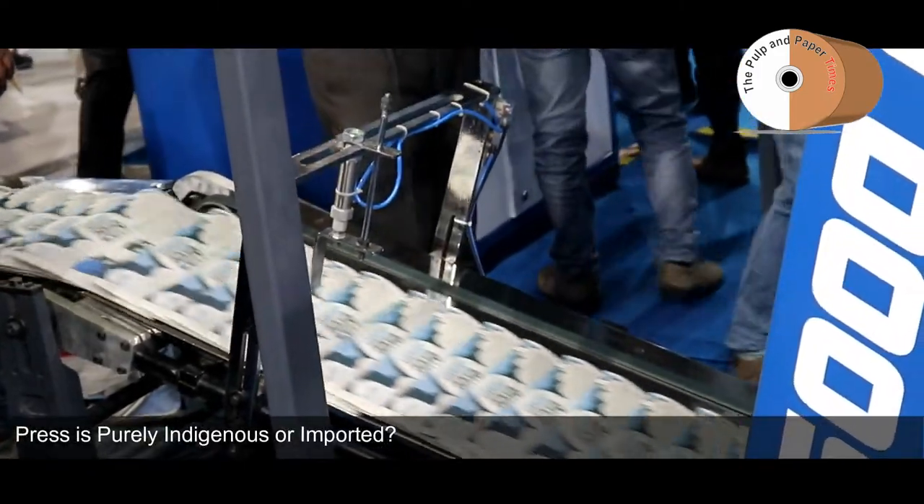Is it a purely Indian machine or do you use some imported technology, sir? Our control system is B&R; everything else is indigenous.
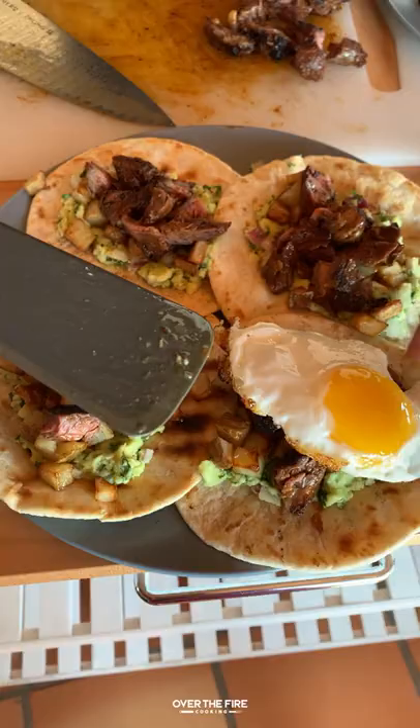Go and check out the new show at Camping World's Facebook or YouTube and find this recipe at overthefirecooking.com or the link below. Cheers.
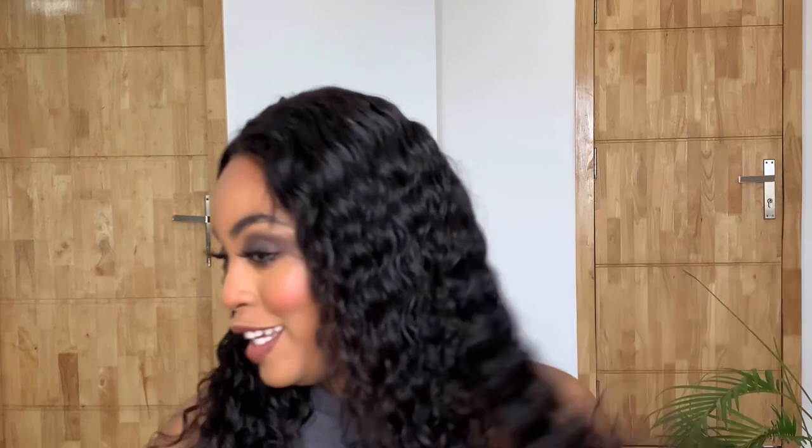This is the finished look — what do y'all think? If you enjoyed this video, please give it a thumbs up and comment. If you haven't already, please subscribe and hit the bell notification button so you can be notified every time I post. My name is Natasha and I post every week — I'll see you guys next week. Bye!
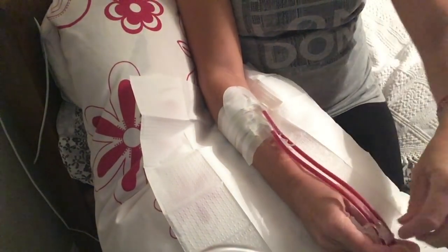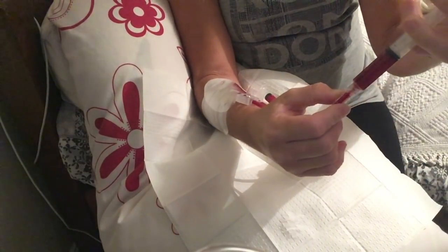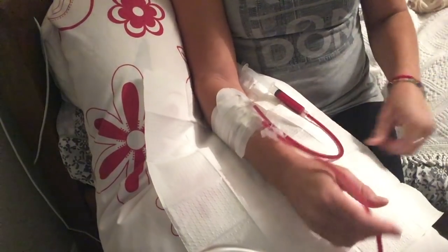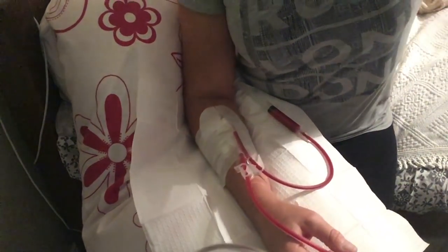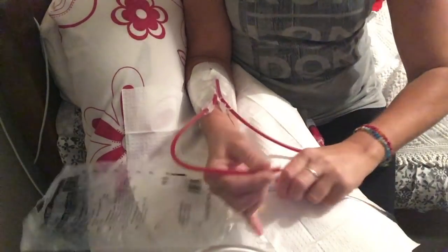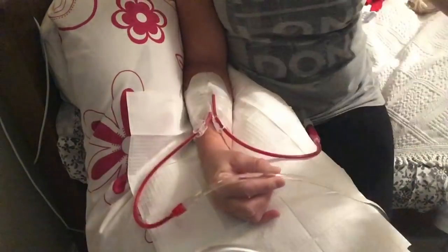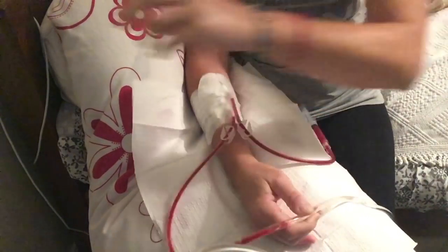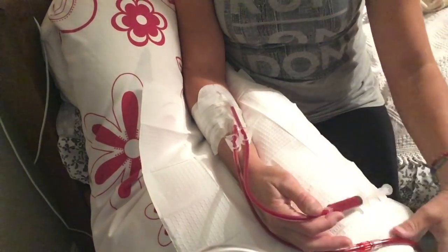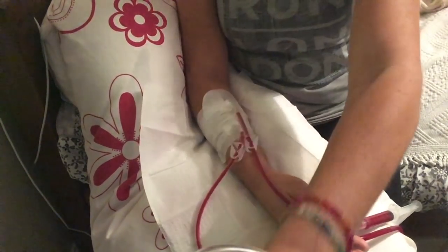I use the bleed-out connection method, so I connect my arterial needle to the circuit first and bleed blood right through the blood lines until it reaches the other end of the circuit, then connect my venous. I disconnect the arterial line from the saline bag and connect straight up to me. Then I open both clamps — one on the blood line and one on the needle. I start the blood pump slowly, around 50, to make sure it feels okay, then turn up to about 110 mils for bleed-out.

▶ [TO DO] Reproduce the lines above exactly, please, but not the pictures in them.

▶ [REPLY]
Is it a purely Indian machine or do you use some imported technology, sir? Our control system is B&R; everything else is indigenous.
Go and check out the new show at Camping World's Facebook or YouTube and find this recipe at overthefirecooking.com or the link below. Cheers.
This is the finished look — what do y'all think? If you enjoyed this video, please give it a thumbs up and comment. If you haven't already, please subscribe and hit the bell notification button so you can be notified every time I post. My name is Natasha and I post every week — I'll see you guys next week. Bye!
I use the bleed-out connection method, so I connect my arterial needle to the circuit first and bleed blood right through the blood lines until it reaches the other end of the circuit, then connect my venous. I disconnect the arterial line from the saline bag and connect straight up to me. Then I open both clamps — one on the blood line and one on the needle. I start the blood pump slowly, around 50, to make sure it feels okay, then turn up to about 110 mils for bleed-out.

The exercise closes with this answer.